Work to be completed
Give again, exactly as written, each line of the material below starting at the line that contains "Ghiveci plante design" and ending at the line that contains "Bersama Bank Rakyat". Both ends count, and no other line does.

Entries provided

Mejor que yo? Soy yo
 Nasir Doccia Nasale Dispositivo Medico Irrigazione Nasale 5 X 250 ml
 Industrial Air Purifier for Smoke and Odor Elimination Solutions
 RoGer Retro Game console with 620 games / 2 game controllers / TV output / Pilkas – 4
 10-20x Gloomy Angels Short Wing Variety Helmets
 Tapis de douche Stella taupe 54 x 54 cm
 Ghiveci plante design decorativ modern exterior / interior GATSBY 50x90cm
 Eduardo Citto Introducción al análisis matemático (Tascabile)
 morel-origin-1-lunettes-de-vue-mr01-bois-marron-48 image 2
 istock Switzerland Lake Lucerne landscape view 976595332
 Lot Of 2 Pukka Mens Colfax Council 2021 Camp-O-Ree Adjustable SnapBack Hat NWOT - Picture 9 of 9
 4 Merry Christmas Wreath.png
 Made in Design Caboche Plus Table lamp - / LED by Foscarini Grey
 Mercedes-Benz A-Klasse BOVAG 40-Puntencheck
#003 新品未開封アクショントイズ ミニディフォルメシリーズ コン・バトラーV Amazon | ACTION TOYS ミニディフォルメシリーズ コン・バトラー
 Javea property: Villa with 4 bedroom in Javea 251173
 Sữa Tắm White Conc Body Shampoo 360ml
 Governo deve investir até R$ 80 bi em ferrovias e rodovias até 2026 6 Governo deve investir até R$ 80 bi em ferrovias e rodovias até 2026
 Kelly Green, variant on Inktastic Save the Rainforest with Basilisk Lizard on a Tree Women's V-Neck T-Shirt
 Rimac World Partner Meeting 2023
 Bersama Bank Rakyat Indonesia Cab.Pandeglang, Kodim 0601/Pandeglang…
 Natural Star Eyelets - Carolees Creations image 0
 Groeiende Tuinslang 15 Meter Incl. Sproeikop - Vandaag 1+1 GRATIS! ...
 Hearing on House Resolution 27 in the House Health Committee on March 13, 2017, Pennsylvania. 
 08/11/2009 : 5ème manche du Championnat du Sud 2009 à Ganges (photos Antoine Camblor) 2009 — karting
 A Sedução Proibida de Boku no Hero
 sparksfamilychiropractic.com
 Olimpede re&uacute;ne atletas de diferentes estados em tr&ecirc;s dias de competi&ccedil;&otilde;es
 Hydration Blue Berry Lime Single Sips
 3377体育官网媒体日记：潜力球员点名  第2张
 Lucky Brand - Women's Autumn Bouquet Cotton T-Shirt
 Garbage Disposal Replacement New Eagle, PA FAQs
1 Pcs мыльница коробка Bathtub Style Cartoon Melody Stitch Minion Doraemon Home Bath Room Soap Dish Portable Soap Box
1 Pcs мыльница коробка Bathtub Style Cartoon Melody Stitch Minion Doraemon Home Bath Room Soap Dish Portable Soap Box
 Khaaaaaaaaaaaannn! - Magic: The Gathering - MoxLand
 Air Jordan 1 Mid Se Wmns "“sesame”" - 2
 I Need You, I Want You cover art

Your response
 Ghiveci plante design decorativ modern exterior / interior GATSBY 50x90cm
 Eduardo Citto Introducción al análisis matemático (Tascabile)
 morel-origin-1-lunettes-de-vue-mr01-bois-marron-48 image 2
 istock Switzerland Lake Lucerne landscape view 976595332
 Lot Of 2 Pukka Mens Colfax Council 2021 Camp-O-Ree Adjustable SnapBack Hat NWOT - Picture 9 of 9
 4 Merry Christmas Wreath.png
 Made in Design Caboche Plus Table lamp - / LED by Foscarini Grey
 Mercedes-Benz A-Klasse BOVAG 40-Puntencheck
#003 新品未開封アクショントイズ ミニディフォルメシリーズ コン・バトラーV Amazon | ACTION TOYS ミニディフォルメシリーズ コン・バトラー
 Javea property: Villa with 4 bedroom in Javea 251173
 Sữa Tắm White Conc Body Shampoo 360ml
 Governo deve investir até R$ 80 bi em ferrovias e rodovias até 2026 6 Governo deve investir até R$ 80 bi em ferrovias e rodovias até 2026
 Kelly Green, variant on Inktastic Save the Rainforest with Basilisk Lizard on a Tree Women's V-Neck T-Shirt
 Rimac World Partner Meeting 2023
 Bersama Bank Rakyat Indonesia Cab.Pandeglang, Kodim 0601/Pandeglang…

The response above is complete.